| Required action |
Retype the listing in full. Change nothing.

| Extracted records |
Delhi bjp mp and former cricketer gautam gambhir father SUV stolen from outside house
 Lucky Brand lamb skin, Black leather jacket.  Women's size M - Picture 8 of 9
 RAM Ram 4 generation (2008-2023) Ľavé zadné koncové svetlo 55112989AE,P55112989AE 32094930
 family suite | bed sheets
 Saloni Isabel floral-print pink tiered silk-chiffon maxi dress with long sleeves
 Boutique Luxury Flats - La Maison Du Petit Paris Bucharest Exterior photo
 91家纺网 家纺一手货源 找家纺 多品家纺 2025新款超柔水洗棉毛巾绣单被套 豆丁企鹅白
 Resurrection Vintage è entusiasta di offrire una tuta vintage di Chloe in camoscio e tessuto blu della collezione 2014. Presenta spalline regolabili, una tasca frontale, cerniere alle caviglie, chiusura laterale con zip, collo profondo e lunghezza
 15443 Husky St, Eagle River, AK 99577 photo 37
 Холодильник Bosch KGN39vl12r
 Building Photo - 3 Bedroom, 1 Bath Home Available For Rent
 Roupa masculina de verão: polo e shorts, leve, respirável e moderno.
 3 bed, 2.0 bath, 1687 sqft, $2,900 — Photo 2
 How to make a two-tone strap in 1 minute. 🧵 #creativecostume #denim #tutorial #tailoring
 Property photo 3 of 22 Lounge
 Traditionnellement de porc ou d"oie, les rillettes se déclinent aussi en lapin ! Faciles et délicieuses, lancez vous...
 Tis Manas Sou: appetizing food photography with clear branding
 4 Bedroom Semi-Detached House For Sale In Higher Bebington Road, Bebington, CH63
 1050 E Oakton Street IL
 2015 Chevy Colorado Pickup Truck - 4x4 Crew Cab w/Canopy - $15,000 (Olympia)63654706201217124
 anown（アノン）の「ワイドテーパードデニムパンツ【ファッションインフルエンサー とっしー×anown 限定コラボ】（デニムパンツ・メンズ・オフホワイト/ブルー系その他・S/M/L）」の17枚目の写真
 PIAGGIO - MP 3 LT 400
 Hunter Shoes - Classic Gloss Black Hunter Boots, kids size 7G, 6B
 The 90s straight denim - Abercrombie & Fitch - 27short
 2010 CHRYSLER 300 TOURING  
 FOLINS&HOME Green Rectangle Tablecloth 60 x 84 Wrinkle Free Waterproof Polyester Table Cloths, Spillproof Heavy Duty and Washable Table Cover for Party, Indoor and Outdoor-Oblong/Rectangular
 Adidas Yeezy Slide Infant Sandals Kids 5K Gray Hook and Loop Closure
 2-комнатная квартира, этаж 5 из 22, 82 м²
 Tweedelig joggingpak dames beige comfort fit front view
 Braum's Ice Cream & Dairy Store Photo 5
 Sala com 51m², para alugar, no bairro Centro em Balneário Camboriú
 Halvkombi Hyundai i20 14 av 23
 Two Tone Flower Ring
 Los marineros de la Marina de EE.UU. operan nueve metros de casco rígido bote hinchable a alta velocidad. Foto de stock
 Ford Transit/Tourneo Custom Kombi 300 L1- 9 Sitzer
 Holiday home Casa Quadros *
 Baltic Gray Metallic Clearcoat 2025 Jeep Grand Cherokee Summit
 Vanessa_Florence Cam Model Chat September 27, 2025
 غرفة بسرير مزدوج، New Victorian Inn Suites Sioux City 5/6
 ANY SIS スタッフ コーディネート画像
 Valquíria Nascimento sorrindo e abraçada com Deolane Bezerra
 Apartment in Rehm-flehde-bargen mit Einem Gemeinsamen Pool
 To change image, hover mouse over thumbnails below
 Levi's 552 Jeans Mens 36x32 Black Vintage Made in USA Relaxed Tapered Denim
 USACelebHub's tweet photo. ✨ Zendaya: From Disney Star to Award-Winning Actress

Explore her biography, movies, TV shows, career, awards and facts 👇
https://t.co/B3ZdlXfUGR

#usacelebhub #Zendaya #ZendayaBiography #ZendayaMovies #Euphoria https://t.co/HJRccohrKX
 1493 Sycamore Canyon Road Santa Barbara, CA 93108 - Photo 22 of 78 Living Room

| Task result |
Delhi bjp mp and former cricketer gautam gambhir father SUV stolen from outside house
 Lucky Brand lamb skin, Black leather jacket.  Women's size M - Picture 8 of 9
 RAM Ram 4 generation (2008-2023) Ľavé zadné koncové svetlo 55112989AE,P55112989AE 32094930
 family suite | bed sheets
 Saloni Isabel floral-print pink tiered silk-chiffon maxi dress with long sleeves
 Boutique Luxury Flats - La Maison Du Petit Paris Bucharest Exterior photo
 91家纺网 家纺一手货源 找家纺 多品家纺 2025新款超柔水洗棉毛巾绣单被套 豆丁企鹅白
 Resurrection Vintage è entusiasta di offrire una tuta vintage di Chloe in camoscio e tessuto blu della collezione 2014. Presenta spalline regolabili, una tasca frontale, cerniere alle caviglie, chiusura laterale con zip, collo profondo e lunghezza
 15443 Husky St, Eagle River, AK 99577 photo 37
 Холодильник Bosch KGN39vl12r
 Building Photo - 3 Bedroom, 1 Bath Home Available For Rent
 Roupa masculina de verão: polo e shorts, leve, respirável e moderno.
 3 bed, 2.0 bath, 1687 sqft, $2,900 — Photo 2
 How to make a two-tone strap in 1 minute. 🧵 #creativecostume #denim #tutorial #tailoring
 Property photo 3 of 22 Lounge
 Traditionnellement de porc ou d"oie, les rillettes se déclinent aussi en lapin ! Faciles et délicieuses, lancez vous...
 Tis Manas Sou: appetizing food photography with clear branding
 4 Bedroom Semi-Detached House For Sale In Higher Bebington Road, Bebington, CH63
 1050 E Oakton Street IL
 2015 Chevy Colorado Pickup Truck - 4x4 Crew Cab w/Canopy - $15,000 (Olympia)63654706201217124
 anown（アノン）の「ワイドテーパードデニムパンツ【ファッションインフルエンサー とっしー×anown 限定コラボ】（デニムパンツ・メンズ・オフホワイト/ブルー系その他・S/M/L）」の17枚目の写真
 PIAGGIO - MP 3 LT 400
 Hunter Shoes - Classic Gloss Black Hunter Boots, kids size 7G, 6B
 The 90s straight denim - Abercrombie & Fitch - 27short
 2010 CHRYSLER 300 TOURING  
 FOLINS&HOME Green Rectangle Tablecloth 60 x 84 Wrinkle Free Waterproof Polyester Table Cloths, Spillproof Heavy Duty and Washable Table Cover for Party, Indoor and Outdoor-Oblong/Rectangular
 Adidas Yeezy Slide Infant Sandals Kids 5K Gray Hook and Loop Closure
 2-комнатная квартира, этаж 5 из 22, 82 м²
 Tweedelig joggingpak dames beige comfort fit front view
 Braum's Ice Cream & Dairy Store Photo 5
 Sala com 51m², para alugar, no bairro Centro em Balneário Camboriú
 Halvkombi Hyundai i20 14 av 23
 Two Tone Flower Ring
 Los marineros de la Marina de EE.UU. operan nueve metros de casco rígido bote hinchable a alta velocidad. Foto de stock
 Ford Transit/Tourneo Custom Kombi 300 L1- 9 Sitzer
 Holiday home Casa Quadros *
 Baltic Gray Metallic Clearcoat 2025 Jeep Grand Cherokee Summit
 Vanessa_Florence Cam Model Chat September 27, 2025
 غرفة بسرير مزدوج، New Victorian Inn Suites Sioux City 5/6
 ANY SIS スタッフ コーディネート画像
 Valquíria Nascimento sorrindo e abraçada com Deolane Bezerra
 Apartment in Rehm-flehde-bargen mit Einem Gemeinsamen Pool
 To change image, hover mouse over thumbnails below
 Levi's 552 Jeans Mens 36x32 Black Vintage Made in USA Relaxed Tapered Denim
 USACelebHub's tweet photo. ✨ Zendaya: From Disney Star to Award-Winning Actress

Explore her biography, movies, TV shows, career, awards and facts 👇
https://t.co/B3ZdlXfUGR

#usacelebhub #Zendaya #ZendayaBiography #ZendayaMovies #Euphoria https://t.co/HJRccohrKX
 1493 Sycamore Canyon Road Santa Barbara, CA 93108 - Photo 22 of 78 Living Room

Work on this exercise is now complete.